Havia a expectativa de vê-lo novamente na melhor bateria do evento, desta vez numa semifinal, contra o novamente em forma Italo Ferreira, que oficializou o “brabo” no fundo da prancha. Só que, infelizmente, as ondas estavam mais bonitas do que boas.

Os dois melhores brasileiros mais bem colocados de 2021, na ausência de Gabriel Medina, encenaram um festival de estranhos wipeouts, incomuns à dupla. Italo ainda fez a maior nota da bateria, com um violento full-rotation que lhe custou uma prancha, mas não encontrou a segunda onda.

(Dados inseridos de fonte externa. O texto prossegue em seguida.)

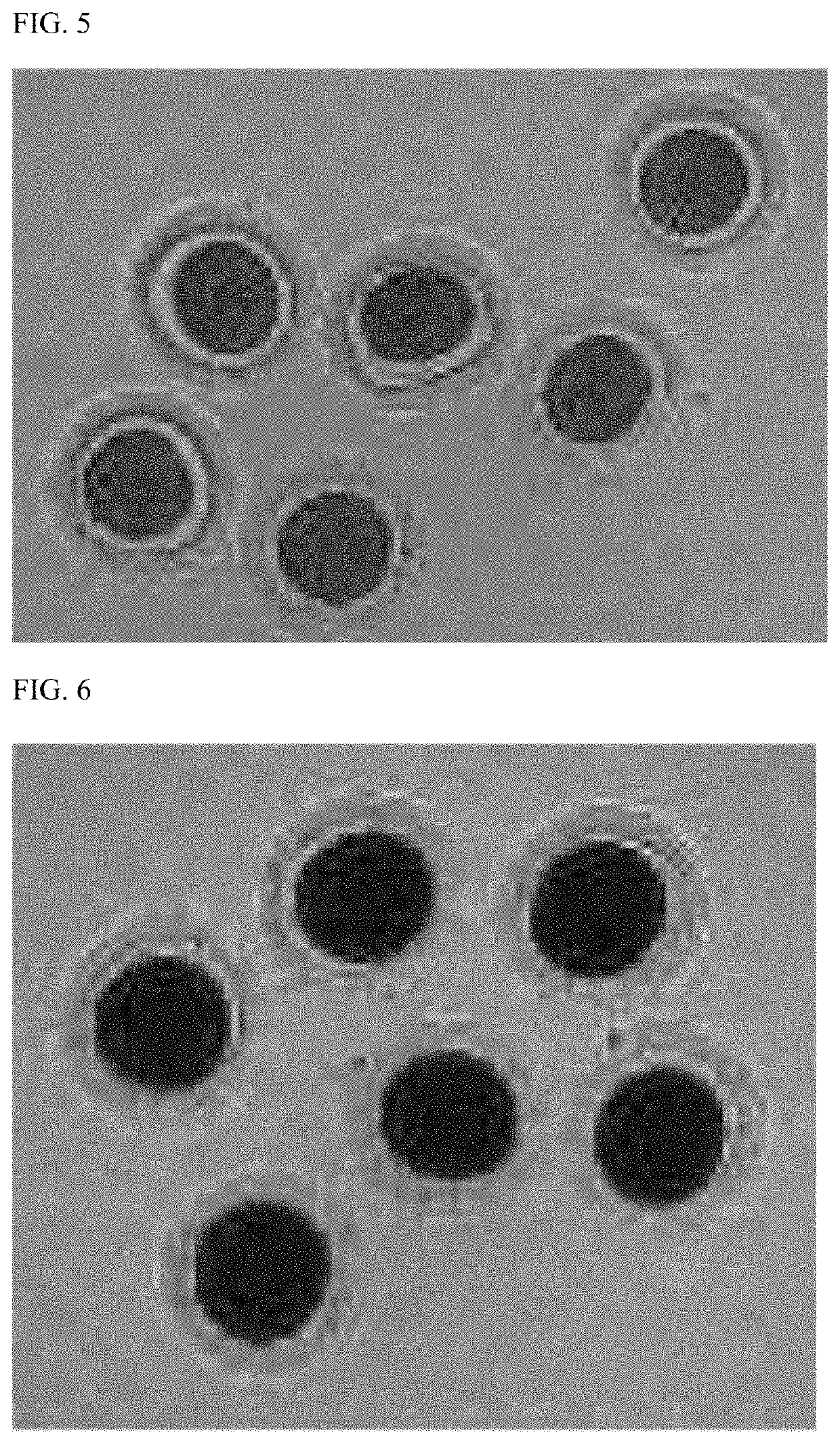 Method for vitrification and thawing of oocyte of canine and frozen-thawed oocyte produced using the same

Acabou derrotado por duas ondas medianas.

Pelo que fez antes da prova, durante os treinos, e pelo ataque durante o evento, o potiguar deu mostras de que está de volta, mais forte, acelerado e brabo do que nunca. É sempre bom lembrar do banheiro de Bells e da cadeira de Keramas – a essência do campeão mundial de 2019, para mim, estava naquela alegria incontida.

John John X swell fraco

John John Florence foi outro gigante a reaparecer depois de uma perna havaiana sem bons resultados. Falar do bicampeão, aliás, é um gancho perfeito para tratar das condições do mar no dia decisivo: um swell débil, sem pulso para surfistas acostumados a lidar com ondulações potentes, como JJ.

Nos primeiros dias, em curtos intervalos de casamento entre swell e vento, os melhores do mundo encontraram tubos em quantidade suficiente para fazer valer o charmoso nome do pico. Nenhum dia clássico, como na semana anterior ao evento, mas muitos momentos com concavidade suficiente para apresentações bonitas.

John John Florence reaparece depois de uma perna havaiana sem bons resultados.

Na decisão, a ondulação perdeu muita força, comprometendo as performances. A escolha de não esperar o swell previsto para o meio da semana não foi uma surpresa. A tática tem sido encerrar antes do fim da janela com as ondas que estão disponíveis, para reduzir riscos e custos. Se os semifinalistas envolvidos concordaram com a diretriz, o que sinceramente não sei se aconteceu, não há nada a criticar.

Brilha a brasileira

Tatiana Weston-Webb encarna uma alma cada vez mais brasileira. Defende a bandeira, incorpora a vibração, sofre e comemora com seus novos patrícios. É dela o primeiro título de evento da elite do país na estranha temporada de 2022.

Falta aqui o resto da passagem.